Mayor of Dhanbad
- Incumbent
- Assumed office 18 March 2026

Member of the Jharkhand Legislative Assembly
- In office (2014–2019)
- Constituency: Jharia (Vidhan Sabha constituency)

Personal details
- Born: 5 February 1986 Sindri (Dhanbad), Jharkhand
- Party: Independent(2026-present) Bharatiya Janata Party (2014-2026)
- Spouse: Ragini Singh
- Parent(s): Suryadeo Singh (Father) Kunti Singh (Mother)

= Sanjeev Singh =

Indian politician

Sanjeev Suryadeo Singh (born 1986) is an Indian politician from Jharkhand. He is an elected member of the Jharkhand Legislative Assembly representing the Bharatiya Janata Party. He won the 2014 Jharkhand Legislative Assembly election from the Jharia constituency in Dhanbad district.
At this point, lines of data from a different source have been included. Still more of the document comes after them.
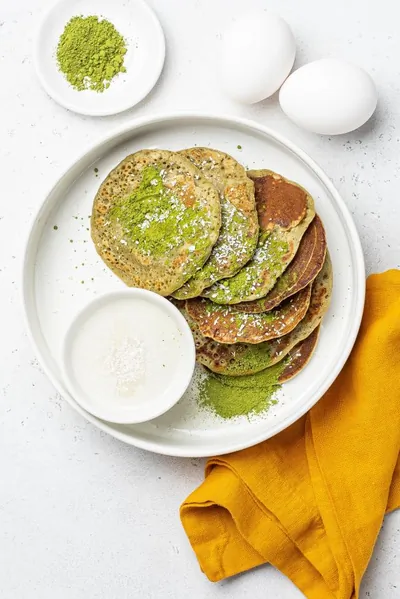 Матча-панкейки с кокосовой сгущенкой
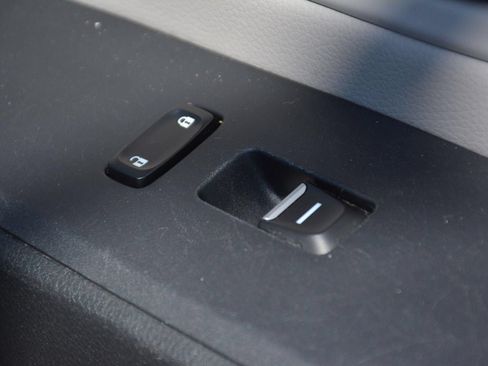Used 2023 Honda Pilot LX image 23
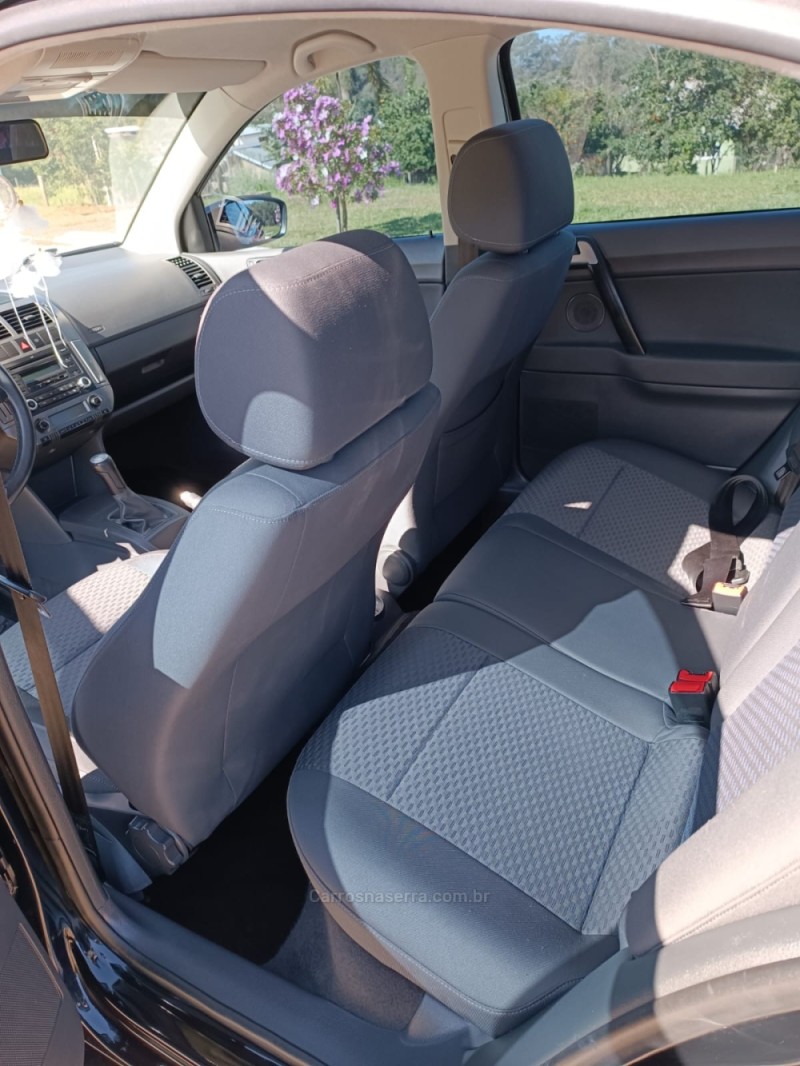 POLO SEDAN 1.6 MI COMFORTLINE 8V FLEX 4P MANUAL - 2014 - BENTO GONçALVES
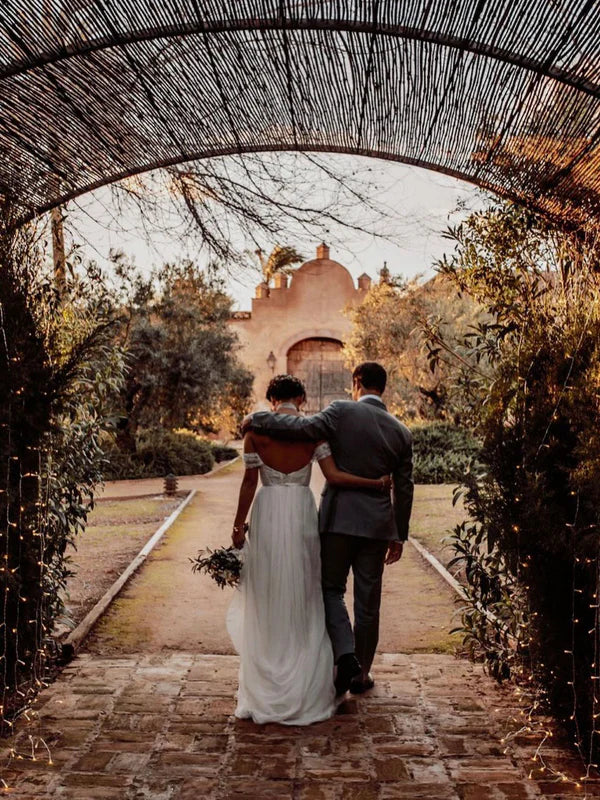 Luolandi Elegant Sweetheart Neckline Off-the-shoulder Lace A-line Wedding Dresses Sexy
== Early life and education ==
Singh is from Sindri, Dhanbad district, Jharkhand. candidate. He passed Class 10 and later studied intermediate at Acharya JB Kirpalani Inter Collage, Jamalpur Balbia and passed the Madhyamik Shiksha Parishad, U.P. in 2000. He married Ragini Singh, who entered politics after he was accused of the alleged murder of his cousin Neeraj Singh. In the 2019 Assembly election his wife, Ragini Singh, lost to Purnima Neeraj Singh, widow of the late Neeraj Singh. His late father, Suryadeo Singh, was an Indian National Congress leader. Singh is the leader of the Janta Mazdoor Sangh which is affiliated with the Hind Mazdoor Sabha. It is a trade union in Dhanbad and in the Bharat Coking Coal Limited.

== Career ==
Singh won from Jharia Assembly constituency representing the Bharatiya Janata Party in the 2014 Jharkhand Legislative Assembly election. He polled 74,062 votes and defeated his nearest rival, Niraj Singh of the Indian National Congress, by a margin of 33,692 votes.

== Controversy ==
On 11 April 2017, Sanjeev Singh, was accused of the murder of his cousin Neeraj Singh, an Indian National Congress leader, and three others in a shootout in Dhanbad. All charges have been dropped and he is acquitted with honour. The incident apparently had taken place within jurisdiction of the Saraidhela Police Station, Dhanbad.